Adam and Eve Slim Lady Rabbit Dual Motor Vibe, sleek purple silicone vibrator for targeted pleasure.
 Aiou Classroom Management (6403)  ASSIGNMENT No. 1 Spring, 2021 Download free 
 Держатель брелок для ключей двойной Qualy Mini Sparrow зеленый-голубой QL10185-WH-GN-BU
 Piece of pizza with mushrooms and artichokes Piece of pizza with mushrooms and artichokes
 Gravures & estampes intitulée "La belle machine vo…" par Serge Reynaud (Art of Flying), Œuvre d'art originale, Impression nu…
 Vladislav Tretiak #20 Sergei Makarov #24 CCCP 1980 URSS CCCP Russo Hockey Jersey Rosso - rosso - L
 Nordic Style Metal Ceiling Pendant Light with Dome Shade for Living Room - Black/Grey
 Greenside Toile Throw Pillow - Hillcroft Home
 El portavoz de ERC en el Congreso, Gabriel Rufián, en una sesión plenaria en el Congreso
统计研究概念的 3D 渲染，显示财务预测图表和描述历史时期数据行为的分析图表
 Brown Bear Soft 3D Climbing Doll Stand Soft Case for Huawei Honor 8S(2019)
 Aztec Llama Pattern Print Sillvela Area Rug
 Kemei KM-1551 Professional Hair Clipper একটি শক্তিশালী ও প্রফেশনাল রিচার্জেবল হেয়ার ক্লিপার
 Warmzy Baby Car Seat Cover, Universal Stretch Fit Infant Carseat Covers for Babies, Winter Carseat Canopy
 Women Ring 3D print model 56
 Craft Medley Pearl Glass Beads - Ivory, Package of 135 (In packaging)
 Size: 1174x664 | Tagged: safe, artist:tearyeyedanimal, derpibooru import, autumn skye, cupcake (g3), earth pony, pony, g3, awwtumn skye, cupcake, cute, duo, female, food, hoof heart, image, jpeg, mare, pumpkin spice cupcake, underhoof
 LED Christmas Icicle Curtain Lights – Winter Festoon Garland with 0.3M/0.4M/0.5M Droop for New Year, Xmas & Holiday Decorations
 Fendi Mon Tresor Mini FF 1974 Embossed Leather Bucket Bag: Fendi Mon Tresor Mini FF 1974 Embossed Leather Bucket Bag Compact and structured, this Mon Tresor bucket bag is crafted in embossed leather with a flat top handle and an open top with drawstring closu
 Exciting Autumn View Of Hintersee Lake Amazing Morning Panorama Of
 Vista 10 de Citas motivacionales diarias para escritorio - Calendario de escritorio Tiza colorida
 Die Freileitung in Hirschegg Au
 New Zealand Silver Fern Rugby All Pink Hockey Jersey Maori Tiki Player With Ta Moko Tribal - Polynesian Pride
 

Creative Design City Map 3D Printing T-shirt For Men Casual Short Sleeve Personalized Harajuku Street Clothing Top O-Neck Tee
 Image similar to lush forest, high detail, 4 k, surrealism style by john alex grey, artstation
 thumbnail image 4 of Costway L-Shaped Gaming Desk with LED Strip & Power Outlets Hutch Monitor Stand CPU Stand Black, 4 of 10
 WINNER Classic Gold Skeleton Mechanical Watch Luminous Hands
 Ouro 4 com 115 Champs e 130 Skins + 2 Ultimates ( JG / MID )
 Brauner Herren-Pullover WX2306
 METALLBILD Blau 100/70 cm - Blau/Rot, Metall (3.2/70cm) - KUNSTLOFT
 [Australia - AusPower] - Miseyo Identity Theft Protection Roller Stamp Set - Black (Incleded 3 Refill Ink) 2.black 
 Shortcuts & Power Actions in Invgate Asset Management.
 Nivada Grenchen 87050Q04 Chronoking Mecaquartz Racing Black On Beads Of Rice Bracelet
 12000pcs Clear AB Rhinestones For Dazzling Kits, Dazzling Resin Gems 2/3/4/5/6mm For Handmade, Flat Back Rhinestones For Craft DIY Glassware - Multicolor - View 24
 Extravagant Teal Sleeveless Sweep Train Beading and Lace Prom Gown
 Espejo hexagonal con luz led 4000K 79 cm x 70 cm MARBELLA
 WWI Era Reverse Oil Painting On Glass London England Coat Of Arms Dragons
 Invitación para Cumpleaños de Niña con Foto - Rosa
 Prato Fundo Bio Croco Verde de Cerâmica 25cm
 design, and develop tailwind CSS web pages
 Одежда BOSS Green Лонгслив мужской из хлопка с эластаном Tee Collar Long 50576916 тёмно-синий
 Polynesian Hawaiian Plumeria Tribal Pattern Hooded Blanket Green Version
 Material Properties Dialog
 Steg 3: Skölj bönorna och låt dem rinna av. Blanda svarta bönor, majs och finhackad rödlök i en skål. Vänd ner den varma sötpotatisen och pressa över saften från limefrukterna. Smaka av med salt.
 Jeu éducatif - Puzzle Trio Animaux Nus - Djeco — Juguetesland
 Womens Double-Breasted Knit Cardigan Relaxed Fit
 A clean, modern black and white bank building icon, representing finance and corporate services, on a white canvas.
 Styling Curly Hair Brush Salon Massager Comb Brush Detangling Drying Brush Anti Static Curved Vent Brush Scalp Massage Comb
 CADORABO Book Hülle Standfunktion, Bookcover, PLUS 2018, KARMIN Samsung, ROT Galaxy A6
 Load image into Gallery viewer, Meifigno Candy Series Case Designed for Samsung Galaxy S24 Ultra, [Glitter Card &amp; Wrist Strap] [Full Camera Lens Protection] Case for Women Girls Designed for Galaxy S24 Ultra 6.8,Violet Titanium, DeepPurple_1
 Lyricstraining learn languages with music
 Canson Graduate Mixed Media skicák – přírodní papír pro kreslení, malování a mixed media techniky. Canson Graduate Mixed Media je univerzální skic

..........

_ABOUT THIS TASK_:
Your task is to reproduce the entries exactly, starting at the first line and ending with the line containing "Warmzy Baby Car".

_THE COMPLETED TASK_:
Adam and Eve Slim Lady Rabbit Dual Motor Vibe, sleek purple silicone vibrator for targeted pleasure.
 Aiou Classroom Management (6403)  ASSIGNMENT No. 1 Spring, 2021 Download free 
 Держатель брелок для ключей двойной Qualy Mini Sparrow зеленый-голубой QL10185-WH-GN-BU
 Piece of pizza with mushrooms and artichokes Piece of pizza with mushrooms and artichokes
 Gravures & estampes intitulée "La belle machine vo…" par Serge Reynaud (Art of Flying), Œuvre d'art originale, Impression nu…
 Vladislav Tretiak #20 Sergei Makarov #24 CCCP 1980 URSS CCCP Russo Hockey Jersey Rosso - rosso - L
 Nordic Style Metal Ceiling Pendant Light with Dome Shade for Living Room - Black/Grey
 Greenside Toile Throw Pillow - Hillcroft Home
 El portavoz de ERC en el Congreso, Gabriel Rufián, en una sesión plenaria en el Congreso
统计研究概念的 3D 渲染，显示财务预测图表和描述历史时期数据行为的分析图表
 Brown Bear Soft 3D Climbing Doll Stand Soft Case for Huawei Honor 8S(2019)
 Aztec Llama Pattern Print Sillvela Area Rug
 Kemei KM-1551 Professional Hair Clipper একটি শক্তিশালী ও প্রফেশনাল রিচার্জেবল হেয়ার ক্লিপার
 Warmzy Baby Car Seat Cover, Universal Stretch Fit Infant Carseat Covers for Babies, Winter Carseat Canopy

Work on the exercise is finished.